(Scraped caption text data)
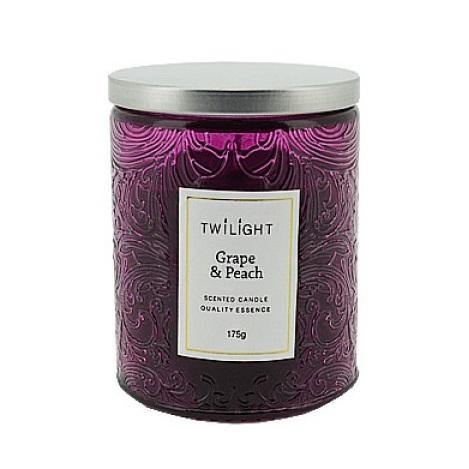 Twilight Grape & Peach Candle with Purple Jar - 7cm x 8.7cm - The Base Warehouse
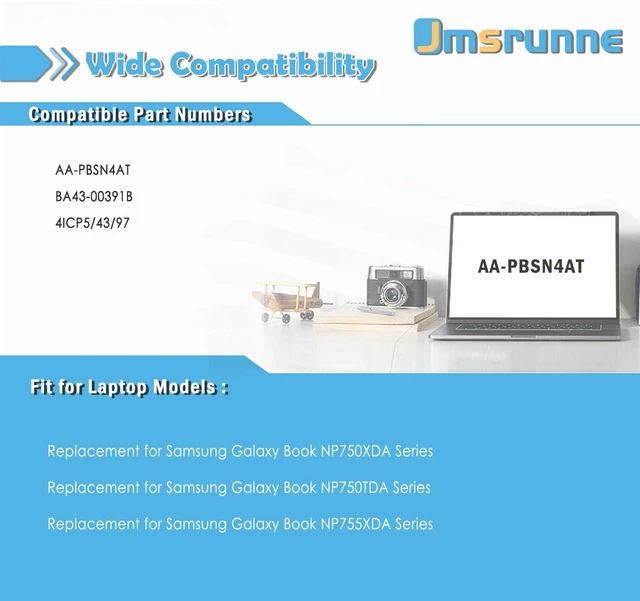 Alt view image 5 of 7 - Jmsrunne AA-PBSN4AT Laptop Battery Replacement for Samsung Galaxy Book 15.6" NP750TDA NP755XDA NP750XDA Series Notebook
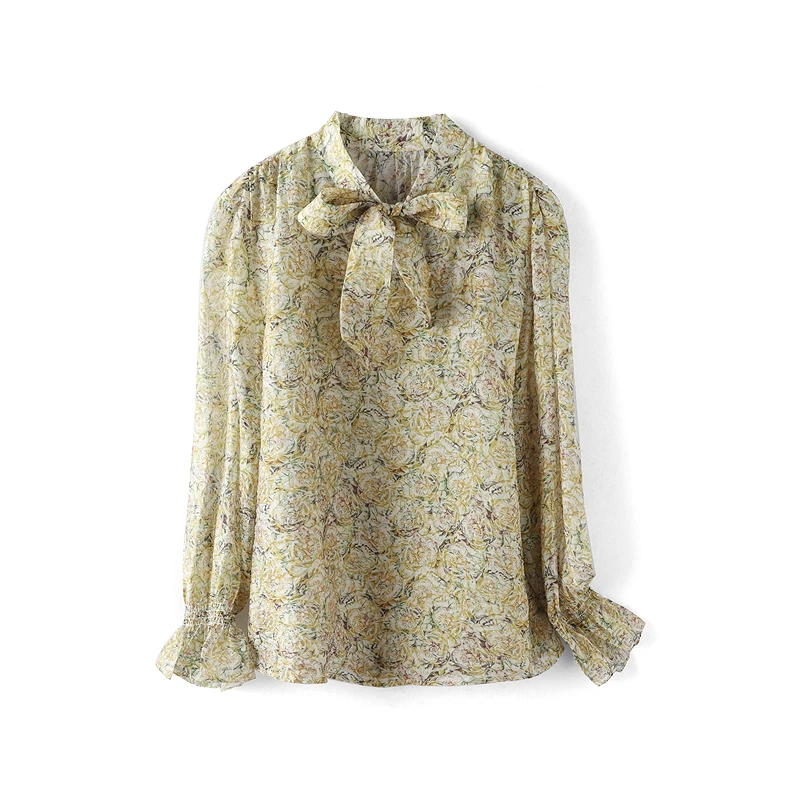 34681【金系列】蝴蝶结复古轻薄衬衫T3G507Z670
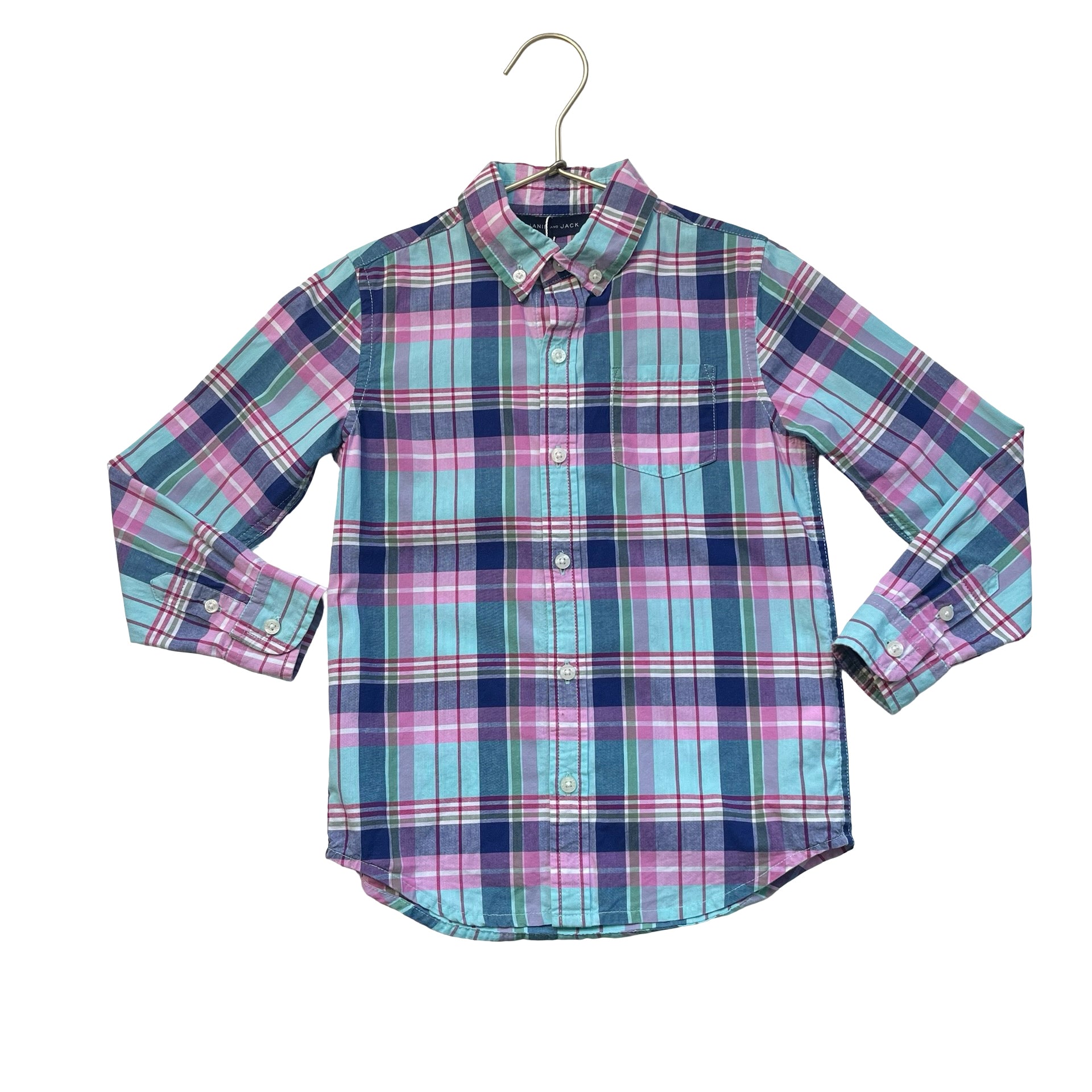 Janie and Jack Teal, Purple, Blue, Pink Plaid Button Down Shirt - Size 5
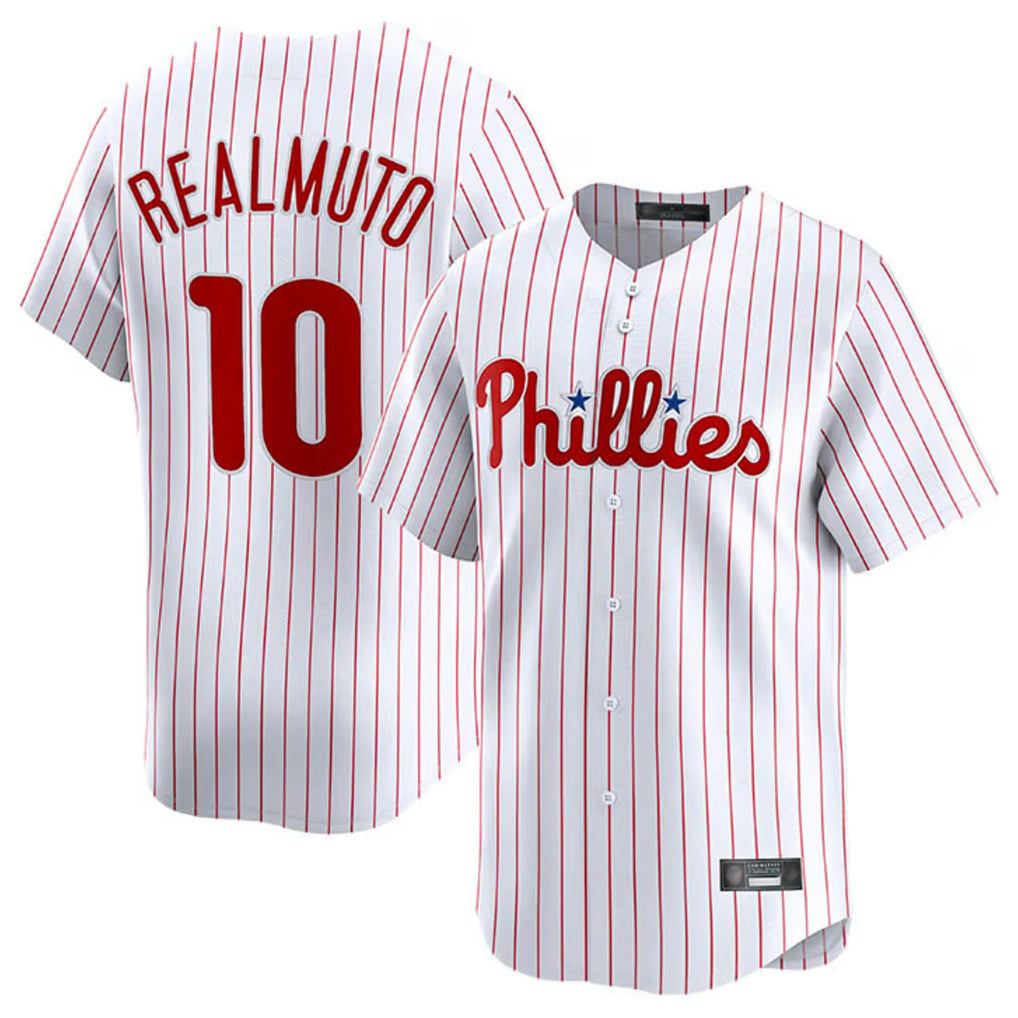 P.Phillies #10 J.T. Realmuto Player White Home Limited Qdoa Stitched Jerseys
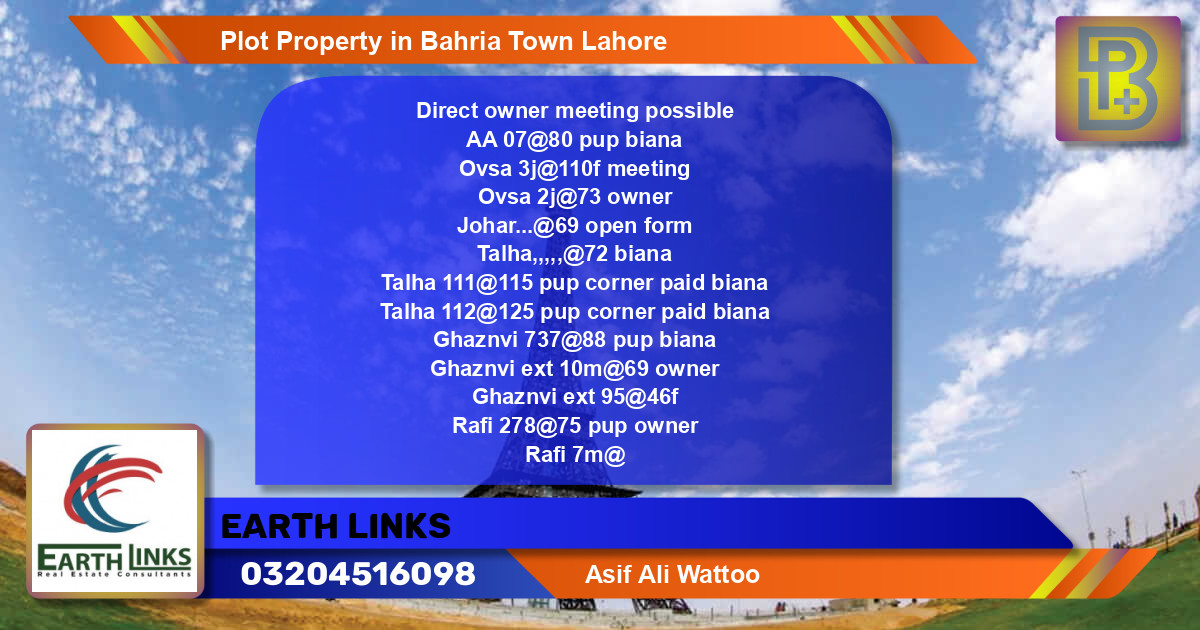 Residential Plot for Sale in Bahria Town, Lahore - (BP-56329)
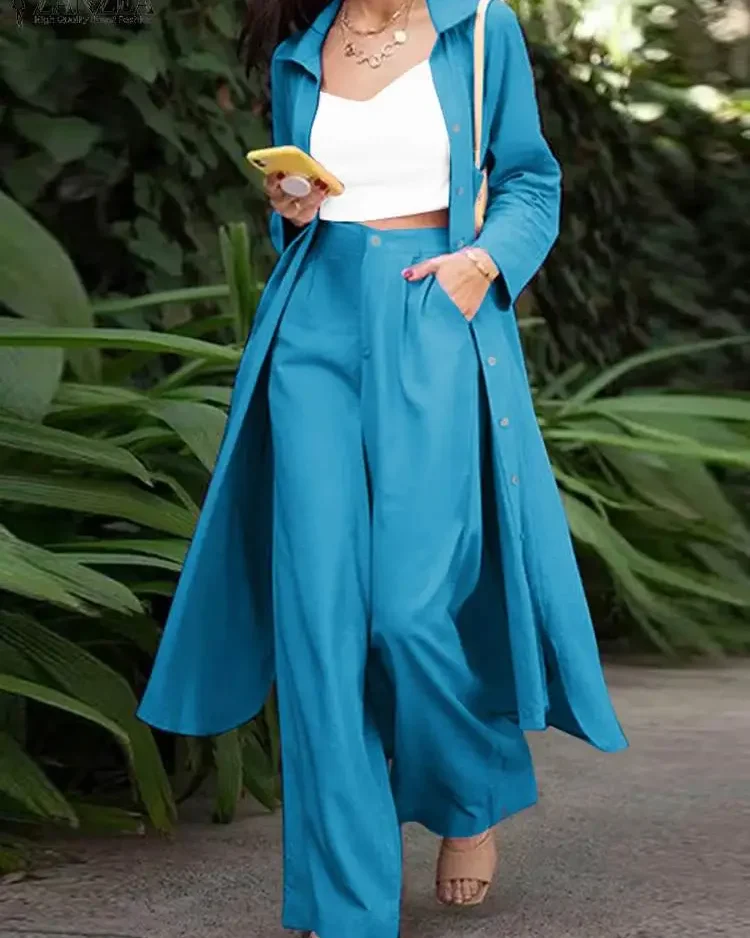 ZANZEA Spring Women Fashion Urban Tracksuit Oversized Elegant OL Office Solid Suits Casual Wide Leg Pants Sets Outifits 2023 1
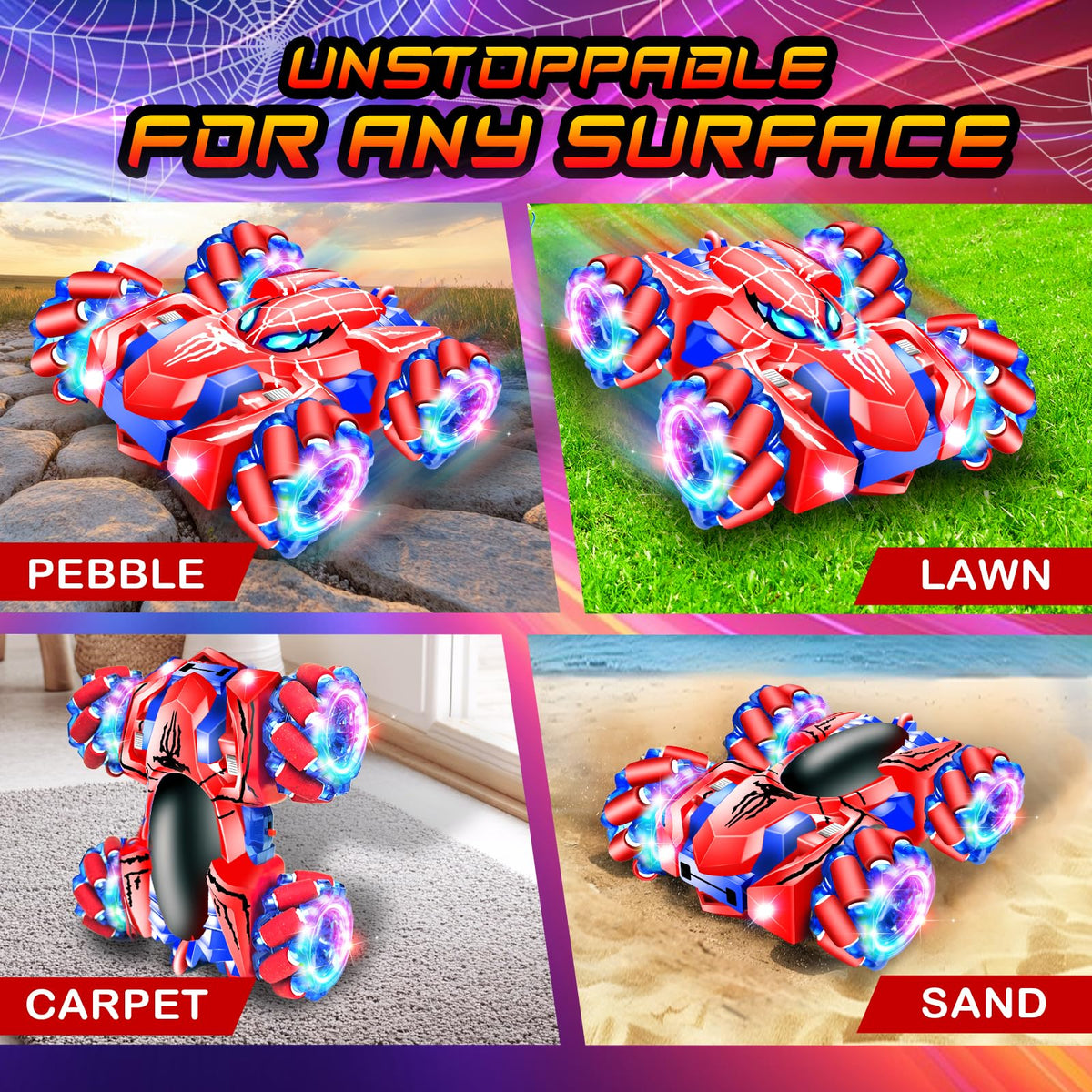 GDRic Spider RC Car with reinforced ABS body for durability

◆ TRY IT ◆
Please make an exact copy of the records, leaving out any picture.

◆ RESULT ◆
 Twilight Grape & Peach Candle with Purple Jar - 7cm x 8.7cm - The Base Warehouse
 Alt view image 5 of 7 - Jmsrunne AA-PBSN4AT Laptop Battery Replacement for Samsung Galaxy Book 15.6" NP750TDA NP755XDA NP750XDA Series Notebook
 34681【金系列】蝴蝶结复古轻薄衬衫T3G507Z670
 Janie and Jack Teal, Purple, Blue, Pink Plaid Button Down Shirt - Size 5
 P.Phillies #10 J.T. Realmuto Player White Home Limited Qdoa Stitched Jerseys
 Residential Plot for Sale in Bahria Town, Lahore - (BP-56329)
 ZANZEA Spring Women Fashion Urban Tracksuit Oversized Elegant OL Office Solid Suits Casual Wide Leg Pants Sets Outifits 2023 1
 GDRic Spider RC Car with reinforced ABS body for durability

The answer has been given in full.